Doch der junge und sympathische Har bleibt im Mittelpunkt der Geschichte, so dass ihm die Sympathie des Hörers gehört. Ihn zum Opfer eines liebevollen Vampirs werden zu sehen, weckt zunehmendes Mitgefühl. Das ist wiederum die Vorbedingung für wachsendes Grauen, wenn der Vampir trotz nochmaliger Beerdigung und nochmaliger Pfählung nicht von seinem jungen Opfer ablässt. Die Mutter, die weise Frau und die Ältesten, also die Vertreter der etablierten Gesellschaft, werden mit wachsender Bestürzung Zeugen dieser verhängnisvollen Entwicklung – ganz im Gegensatz zu Har, der die Wiedervereinigung mit dem Geliebten herbeisehnt.

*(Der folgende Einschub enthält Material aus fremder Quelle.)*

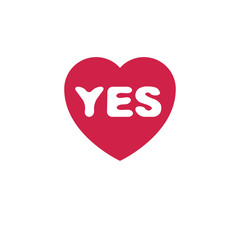 Red yes checkmark, right. Vector voting sign, choice metaphor isolated on white.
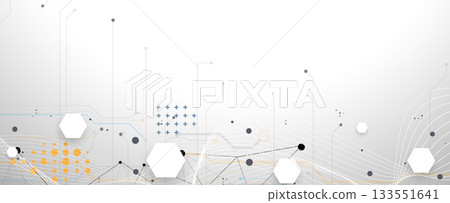 Abstract technology and science hexagon background, DNA strands, connected neural web Abstract technology and science hexagon background, DNA strands, connected neural web 133551641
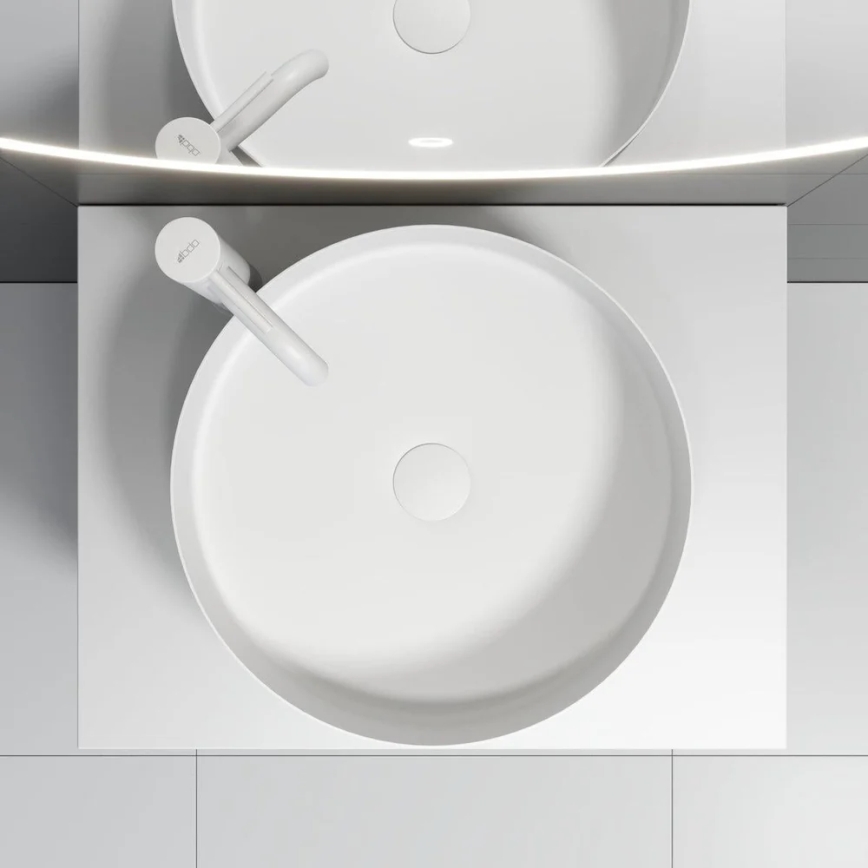 LJORDAL Countertop Basin Ø 40 cm, Steel/White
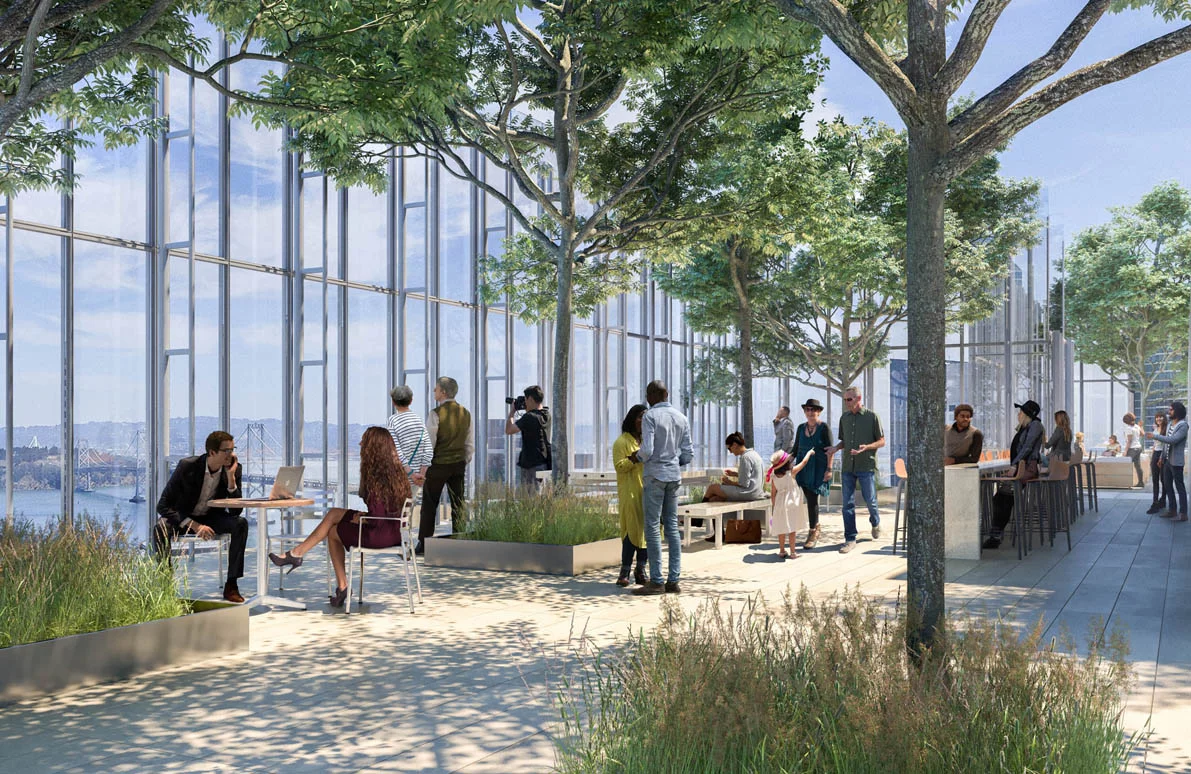 55 Howard would be topped by a bar and cafe and a rooftop garden offering choice views of the city to the public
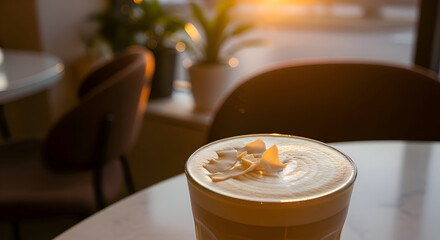 A delicious latte topped with coconut flakes on a cafe table at golden hour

Der Tabubruch durch Liebe erfolgt nun auf einer anderen Ebene.

Ein Rätsel gibt hingegen der heidnische Hintergrund auf. Da es an zeitlicher Verortung mangelt, ist es nicht sicher, ob die Handlung vor der Christianisierung der Inseln spielt. Vermutlich haben die Fischer auch schon vor der Missionierung um das Jahr 1000 herum Wale gejagt, und dänische Walfänger gab es sicher auch.

Dennoch wird kein einziges Mal eine der sattsam bekannten nordischen Gottheiten angerufen, etwa Thor, der Sturmgott, oder Odin, der Allwissende. Zwar verflucht Har die Götter im allgemeinen, doch keinen im Besonderen. Einen Priester oder wenigstens Mönch gibt es auch nicht, aber immerhin wird ein Runen-Orakel geworfen.

Dieser Mangel an religiöser Verortung, die wahrscheinlich auf den Autor zurückgeht, der hier seine eigene Quasi-Religion des Uranismus (s.o.) propagiert, wirkt im Zeitalter von TV-Serien wie „Vikings“ und „Das letzte Königreich“ wie ein Schwachpunkt. Andererseits entzieht sich die Handlung und ihre Aussage der Festlegung und dadurch in den Bereich der Verallgemeinerung, der Überzeitlichkeit.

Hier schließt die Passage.